Robert Pitofsky, Chairman
Mary L. Azcuenaga
Sheila F. Anthony
Mozelle W. Thompson
Orson Swindle

In the Matter of




On November 5, 1997, Harold A. Honickman ("Honickman") filed a Petition To Modify Consent Order ("Petition") in Docket

No. 9233 ("Order") pursuant to Section 5(b) of the Federal Trade Commission Act, 15 U.S.C. 45(b), and Section 2.51 of the Commission's Rules of Practice and Procedure, 16 C.F.R. 2.51, and consistent with the Statement of Federal Trade Commission Policy Concerning Prior Approval And Prior Notice Provisions ("Prior Approval Policy Statement").(1) The Petition requests that the Commission reopen and modify the Order to terminate the prior approval provision set forth in Paragraph II of the Order. The Petition was placed on the public record for thirty days and no comments were received. The Commission has determined to terminate the prior approval provision of the Order by setting aside the Order.

The Commission, in its Prior Approval Policy Statement, "concluded that a general policy of requiring prior approval is no longer needed," citing the availability of the premerger notification and waiting period requirements of Section 7A of the Clayton Act, commonly referred to as the Hart-Scott-Rodino ("HSR") Act, 15 U.S.C. 18a, to protect the public interest in effective merger law enforcement.(2) The Commission announced that it will "henceforth rely on the HSR process as its principal means of learning about and reviewing mergers by companies as to which the Commission had previously found a reason to believe that the companies had engaged or attempted to engage in an illegal merger." As a general matter, "Commission orders in such cases will not include prior approval or prior notification requirements."(3)

The Commission stated that it will continue to fashion remedies as needed in the public interest, including ordering narrow prior approval or prior notification requirements in certain limited circumstances. The Commission said in its Prior Approval Policy Statement that "a narrow prior approval provision may be used where there is a credible risk that a company that engaged or attempted to engage in an anticompetitive merger would, but for the provision, attempt the same or approximately the same merger." The Commission also said that "a narrow prior notification provision may be used where there is a credible risk that a company that engaged or attempted to engage in an anticompetitive merger would, but for an order, engage in an otherwise unreportable anticompetitive merger."(4) As explained in the Prior Approval Policy Statement, the need for a prior notification requirement will depend on circumstances such as the structural characteristics of the relevant markets, the size and other characteristics of the market participants, and other relevant factors.
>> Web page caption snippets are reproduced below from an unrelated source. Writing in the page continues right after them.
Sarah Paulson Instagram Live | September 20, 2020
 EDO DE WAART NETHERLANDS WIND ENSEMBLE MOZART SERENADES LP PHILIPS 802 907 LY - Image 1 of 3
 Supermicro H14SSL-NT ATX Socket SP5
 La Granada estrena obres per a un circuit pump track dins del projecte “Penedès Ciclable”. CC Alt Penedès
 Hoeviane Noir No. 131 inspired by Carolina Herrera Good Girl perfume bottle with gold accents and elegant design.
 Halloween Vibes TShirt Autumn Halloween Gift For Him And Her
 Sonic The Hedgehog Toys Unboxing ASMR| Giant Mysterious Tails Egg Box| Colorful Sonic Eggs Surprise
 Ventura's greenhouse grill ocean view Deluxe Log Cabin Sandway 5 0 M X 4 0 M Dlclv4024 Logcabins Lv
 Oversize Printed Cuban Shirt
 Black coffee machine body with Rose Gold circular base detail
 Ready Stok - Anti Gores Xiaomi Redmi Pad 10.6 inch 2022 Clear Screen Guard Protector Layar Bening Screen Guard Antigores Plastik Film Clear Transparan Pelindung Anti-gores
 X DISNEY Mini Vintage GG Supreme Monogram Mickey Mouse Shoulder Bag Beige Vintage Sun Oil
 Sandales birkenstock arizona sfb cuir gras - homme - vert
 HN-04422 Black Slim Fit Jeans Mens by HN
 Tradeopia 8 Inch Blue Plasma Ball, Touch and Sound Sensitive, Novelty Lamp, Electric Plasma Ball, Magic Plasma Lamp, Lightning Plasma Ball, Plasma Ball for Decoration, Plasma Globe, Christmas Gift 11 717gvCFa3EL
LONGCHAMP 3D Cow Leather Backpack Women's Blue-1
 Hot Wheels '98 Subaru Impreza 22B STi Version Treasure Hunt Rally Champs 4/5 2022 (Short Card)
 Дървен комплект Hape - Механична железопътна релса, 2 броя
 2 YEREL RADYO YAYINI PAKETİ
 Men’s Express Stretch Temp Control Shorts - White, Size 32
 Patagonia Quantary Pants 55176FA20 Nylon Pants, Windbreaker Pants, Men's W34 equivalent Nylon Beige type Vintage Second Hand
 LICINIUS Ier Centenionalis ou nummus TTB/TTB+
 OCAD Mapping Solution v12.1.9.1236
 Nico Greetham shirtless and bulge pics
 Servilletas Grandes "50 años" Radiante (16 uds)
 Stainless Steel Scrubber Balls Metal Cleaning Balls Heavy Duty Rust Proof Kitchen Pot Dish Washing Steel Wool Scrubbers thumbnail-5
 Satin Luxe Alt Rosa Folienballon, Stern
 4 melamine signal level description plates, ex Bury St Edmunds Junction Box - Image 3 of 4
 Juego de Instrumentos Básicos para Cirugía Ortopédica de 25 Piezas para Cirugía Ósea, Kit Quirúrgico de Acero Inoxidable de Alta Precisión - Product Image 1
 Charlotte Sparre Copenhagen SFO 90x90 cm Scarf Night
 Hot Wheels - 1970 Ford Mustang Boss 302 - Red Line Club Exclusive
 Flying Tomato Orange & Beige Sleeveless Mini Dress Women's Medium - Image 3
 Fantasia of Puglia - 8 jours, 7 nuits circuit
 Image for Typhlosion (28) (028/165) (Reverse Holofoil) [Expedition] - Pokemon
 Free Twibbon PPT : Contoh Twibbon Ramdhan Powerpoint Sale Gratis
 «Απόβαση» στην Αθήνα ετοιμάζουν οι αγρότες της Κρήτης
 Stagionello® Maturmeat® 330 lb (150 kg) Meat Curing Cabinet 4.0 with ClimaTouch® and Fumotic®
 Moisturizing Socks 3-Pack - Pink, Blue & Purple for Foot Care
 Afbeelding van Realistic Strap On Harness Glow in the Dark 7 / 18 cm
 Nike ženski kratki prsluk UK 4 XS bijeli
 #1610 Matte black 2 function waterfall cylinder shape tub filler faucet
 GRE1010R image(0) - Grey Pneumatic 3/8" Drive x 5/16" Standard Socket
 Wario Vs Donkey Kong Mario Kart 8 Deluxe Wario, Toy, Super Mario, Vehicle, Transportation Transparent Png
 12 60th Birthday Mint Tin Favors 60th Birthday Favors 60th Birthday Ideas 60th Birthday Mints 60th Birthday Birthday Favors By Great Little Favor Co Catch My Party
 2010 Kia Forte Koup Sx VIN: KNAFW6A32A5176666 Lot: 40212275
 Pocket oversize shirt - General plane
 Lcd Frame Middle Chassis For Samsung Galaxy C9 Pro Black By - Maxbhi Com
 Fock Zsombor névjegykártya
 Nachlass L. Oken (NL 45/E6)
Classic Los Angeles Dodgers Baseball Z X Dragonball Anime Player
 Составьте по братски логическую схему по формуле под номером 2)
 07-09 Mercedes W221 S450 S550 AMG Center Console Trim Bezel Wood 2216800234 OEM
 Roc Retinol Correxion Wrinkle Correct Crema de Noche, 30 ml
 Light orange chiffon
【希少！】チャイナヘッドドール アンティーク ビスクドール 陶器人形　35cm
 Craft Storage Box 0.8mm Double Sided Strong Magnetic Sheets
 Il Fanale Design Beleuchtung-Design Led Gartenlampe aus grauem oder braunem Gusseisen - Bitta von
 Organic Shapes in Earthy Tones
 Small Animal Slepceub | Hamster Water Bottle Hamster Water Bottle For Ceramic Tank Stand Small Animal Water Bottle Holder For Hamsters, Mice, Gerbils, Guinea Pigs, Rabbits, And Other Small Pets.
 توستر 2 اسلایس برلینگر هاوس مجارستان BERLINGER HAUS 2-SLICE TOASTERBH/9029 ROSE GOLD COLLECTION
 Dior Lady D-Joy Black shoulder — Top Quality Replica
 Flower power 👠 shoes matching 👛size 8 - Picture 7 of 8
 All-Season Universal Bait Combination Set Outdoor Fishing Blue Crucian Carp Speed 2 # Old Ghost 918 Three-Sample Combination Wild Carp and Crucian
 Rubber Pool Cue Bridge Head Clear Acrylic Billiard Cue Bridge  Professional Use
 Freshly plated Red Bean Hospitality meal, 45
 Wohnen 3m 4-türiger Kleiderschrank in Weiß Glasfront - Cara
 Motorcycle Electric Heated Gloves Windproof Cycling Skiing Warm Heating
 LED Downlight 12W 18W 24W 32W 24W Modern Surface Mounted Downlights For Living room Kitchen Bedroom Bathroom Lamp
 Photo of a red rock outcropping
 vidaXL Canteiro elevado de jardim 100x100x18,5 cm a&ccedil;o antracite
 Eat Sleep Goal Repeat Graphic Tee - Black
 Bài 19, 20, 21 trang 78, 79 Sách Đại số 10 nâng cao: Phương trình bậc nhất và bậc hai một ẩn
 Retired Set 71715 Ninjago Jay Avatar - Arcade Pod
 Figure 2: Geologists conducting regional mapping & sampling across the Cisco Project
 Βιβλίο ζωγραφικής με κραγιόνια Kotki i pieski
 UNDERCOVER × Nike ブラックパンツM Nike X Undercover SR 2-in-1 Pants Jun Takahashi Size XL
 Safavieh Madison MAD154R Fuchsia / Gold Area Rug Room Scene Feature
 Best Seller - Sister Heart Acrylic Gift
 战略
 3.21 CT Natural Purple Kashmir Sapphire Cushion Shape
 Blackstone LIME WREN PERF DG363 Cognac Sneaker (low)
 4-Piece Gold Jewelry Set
The Commission also announced, in its Prior Approval Policy Statement, its intention "to initiate a process for reviewing the retention or modification of these existing requirements" and invited respondents subject to such requirements "to submit a request to reopen the order."(5) The Commission determined that, "when a petition is filed to reopen and modify an order pursuant to . . . [the Prior Approval Policy Statement], the Commission will apply a rebuttable presumption that the public interest requires reopening of the order and modification of the prior approval requirement consistent with the policy announced" in the Statement.(6)

There is no evidence in the record that suggests that this matter presents any of the circumstances identified by the Prior Approval Policy Statement as appropriate for retaining a narrow prior approval provision, nor is there any indication of the circumstances that would warrant the substitution of a prior notice provision for the prior approval provision. There is nothing to suggest that Honickman would attempt the same or essentially the same acquisition that gave rise to the original complaint. In addition, it appears likely that future acquisitions that may have adverse competitive consequences within the relevant market would be HSR reportable. Nothing to overcome the presumption having been presented, the Commission has determined to reopen the proceeding and set aside the Order because deleting the prior approval requirement, in effect, would eliminate all of Honickman's future obligations under the Order.(7)

ACCORDINGLY, IT IS ORDERED that this matter be, and it hereby is, reopened, and that the Order be, and it hereby is, set aside as of the effective date of this order.

By the Commission, Commissioner Azcuenaga recused.

Donald S. Clark


ISSUED: March 31, 1998


(1)60 Fed. Reg. 39,745-47 (Aug. 3, 1995); 4 Trade Reg. Rep. (CCH) 13,241.

(2)Prior Approval Policy Statement at 2.


(4)Id. at 3.

(5)Id. at 4.


(7)See, e.g., S.C. Johnson & Son, Inc., Docket No. C-3418, Order Setting Aside Order (January 4, 1996).